The crucial observation is that in an optimal solution, we only care about selecting a set of edges such that no vertex uses more than $k$ selected incident edges. If a vertex uses fewer than $k$, we can always waste extra colors without affecting the score. So the problem reduces to choosing a maximum-weight subset of edges such that the degree of every vertex in the chosen subset is at most $k$.

This is a classic transformation: we are selecting edges in a tree under vertex capacity constraints. The tree structure allows a greedy solution: we want to include the heaviest edges while respecting degree limits, and because there are no cycles, we can sort edges globally by weight and greedily include them if both endpoints still have remaining capacity.

The tree structure is essential because any edge set in a tree does not create cycles that would introduce more complex dependencies.
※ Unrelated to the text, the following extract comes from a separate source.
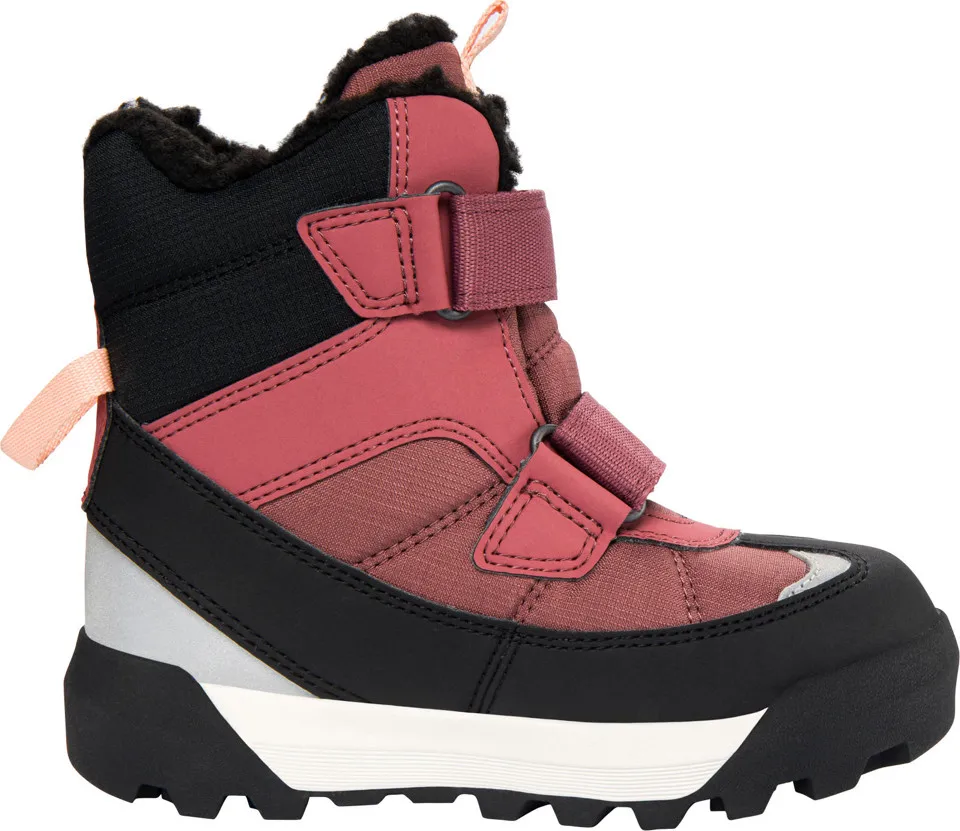 Viking Footwear Kids' Expower Warm GORE-TEX 2v Dark Pink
This makes a simple capacity-aware greedy valid.

The brute force approach would try all subsets of edges and check feasibility, which is exponential in $n$. Even trying to use flow or DP on trees per query would be too slow given the number of queries.

The greedy sorting approach reduces the problem to sorting edges once per query and processing them linearly.
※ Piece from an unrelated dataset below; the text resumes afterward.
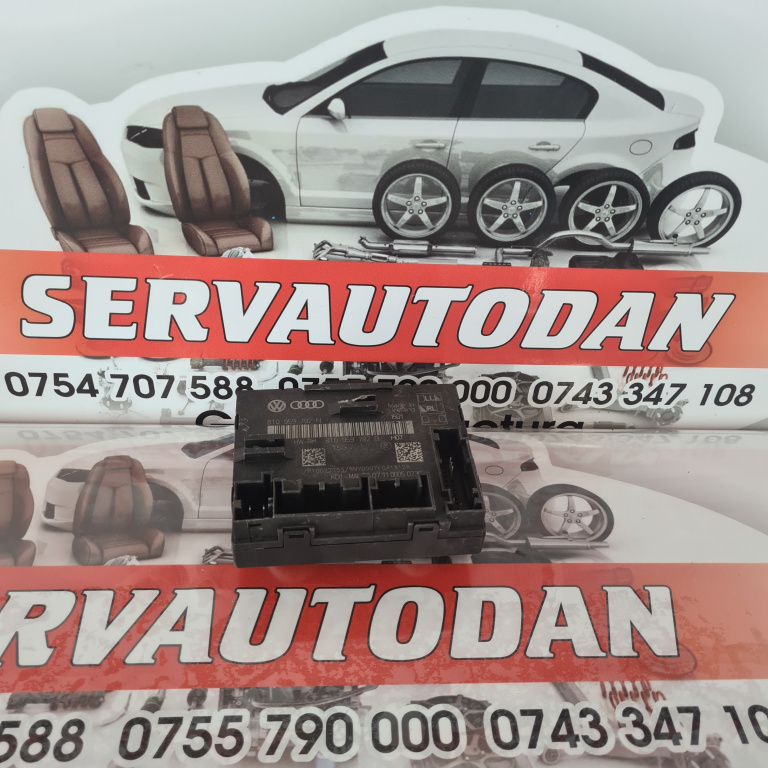 Modul usa Audi A4 (2008-2011) [8K2, B8] 2.0 Motorina 2010, 8T0959792N / 8T0959792B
Approach Time Complexity Space Complexity Verdict
Brute Force $O(2^n)$ $O(n)$ Too slow
Optimal $O(n \log n)$ $O(n)$ Accepted

Algorithm Walkthrough

  1. For each query, read the tree and store all edges with their weights. The tree structure itself is not directly used beyond the edge list, since the decision is purely about selecting edges under constraints.
  2. Sort all edges in descending order of weight. This ensures that whenever we consider an edge, all heavier edges have already been considered for inclusion. This ordering is critical because we always prefer heavier edges when feasible.
  3. Maintain an array used[v] that counts how many selected edges are incident to each vertex. Initially all are zero.
  4. Iterate over edges in sorted order. For an edge $(u, v, w)$, check whether both used[u] < k and used[v] < k.
  5. If both endpoints still have available capacity, include the edge in the answer and increment used[u] and used[v]. Otherwise skip it. This enforces the constraint that each vertex participates in at most $k$ selected edges.
  6. Sum the weights of all selected edges and output the result.

Why it works

The process enforces a per-vertex degree cap while always choosing the heaviest available edge first. Because each selected edge consumes exactly one unit of capacity from both endpoints and capacities are identical and independent across vertices, there is no benefit in replacing a chosen heavier edge with a lighter one later. Any valid solution corresponds to a feasible edge set under the same capacity constraints, and sorting guarantees we always construct the maximum-weight feasible set greedily without needing backtracking.

Python Solution

import sys
input = sys.stdin.readline

def solve():
    q = int(input())
    for _ in range(q):
        n, k = map(int, input().split())
        edges = []
        for _ in range(n - 1):
            u, v, w = map(int, input().split())
            u -= 1
            v -= 1
            edges.append((w, u, v))

        edges.sort(reverse=True)

        used = [0] * n
        ans = 0

        for w, u, v in edges:
            if used[u] < k and used[v] < k:
                used[u] += 1
                used[v] += 1
                ans += w

        print(ans)

if __name__ == "__main__":
    solve()

The code directly implements the greedy strategy. The only state we maintain is the number of selected incident edges per vertex, which corresponds to how many colors that vertex has already effectively used in pairings.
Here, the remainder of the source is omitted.